PROBLEM DESCRIPTION — Only the lines of the data below from the one with "Peaceable Kingdom Games" through the one with "Conflict Intensifies Between" are wanted. Repeat them exactly.

Saved entries
..............................
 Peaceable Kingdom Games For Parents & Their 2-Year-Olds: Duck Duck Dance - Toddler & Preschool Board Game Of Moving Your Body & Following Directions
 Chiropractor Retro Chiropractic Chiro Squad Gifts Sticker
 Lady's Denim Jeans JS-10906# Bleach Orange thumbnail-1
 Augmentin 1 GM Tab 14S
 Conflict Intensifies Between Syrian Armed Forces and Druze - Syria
..............................
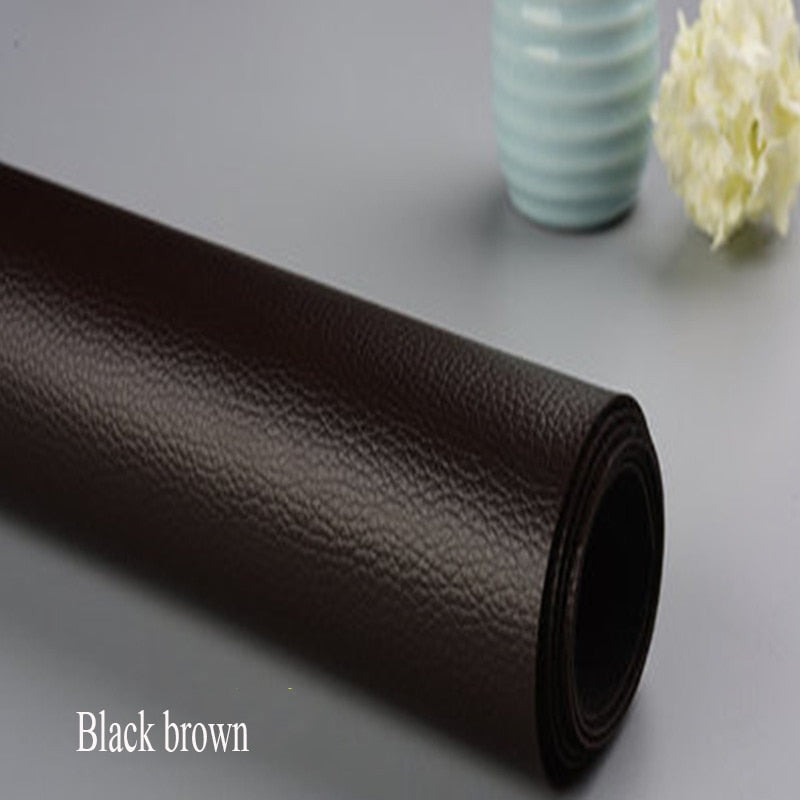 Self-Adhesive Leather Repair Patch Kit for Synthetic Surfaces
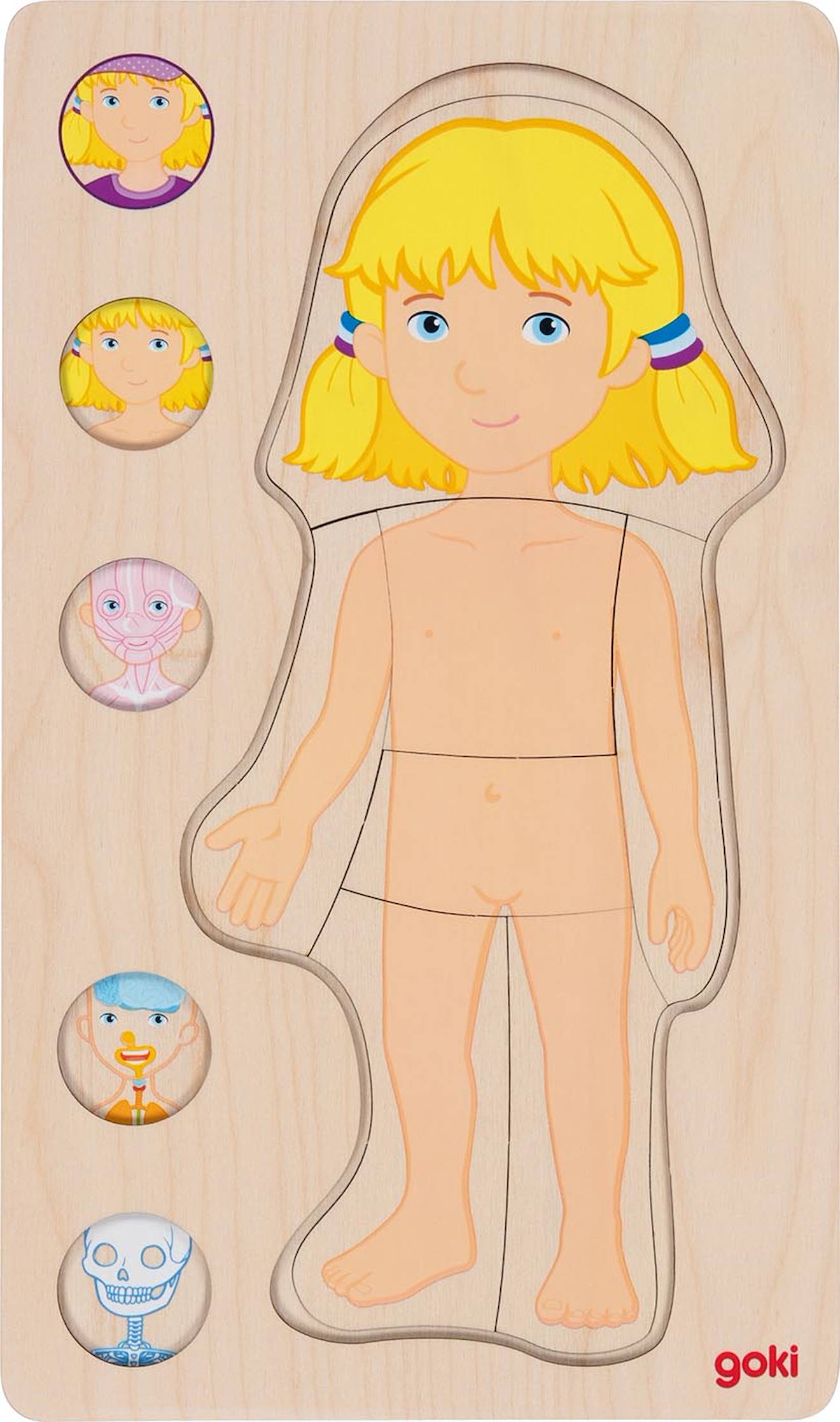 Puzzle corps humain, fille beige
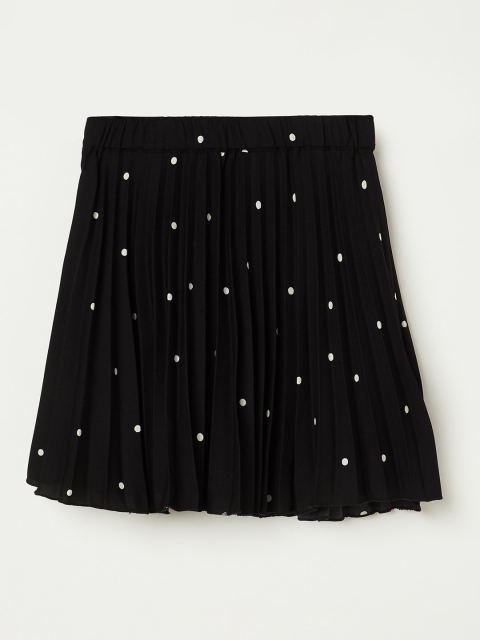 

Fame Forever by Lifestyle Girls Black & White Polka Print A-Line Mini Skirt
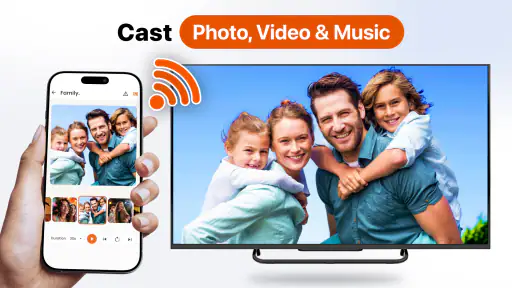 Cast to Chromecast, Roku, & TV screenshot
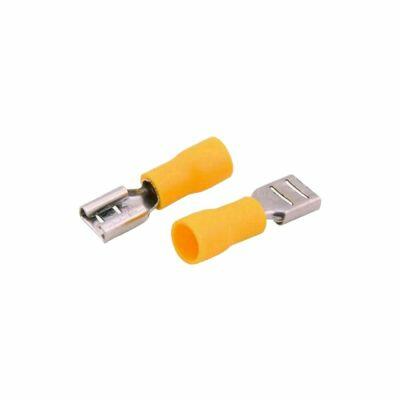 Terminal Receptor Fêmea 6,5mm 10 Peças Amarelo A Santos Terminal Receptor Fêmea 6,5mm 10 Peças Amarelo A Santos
..............................
REPLY —
 Peaceable Kingdom Games For Parents & Their 2-Year-Olds: Duck Duck Dance - Toddler & Preschool Board Game Of Moving Your Body & Following Directions
 Chiropractor Retro Chiropractic Chiro Squad Gifts Sticker
 Lady's Denim Jeans JS-10906# Bleach Orange thumbnail-1
 Augmentin 1 GM Tab 14S
 Conflict Intensifies Between Syrian Armed Forces and Druze - Syria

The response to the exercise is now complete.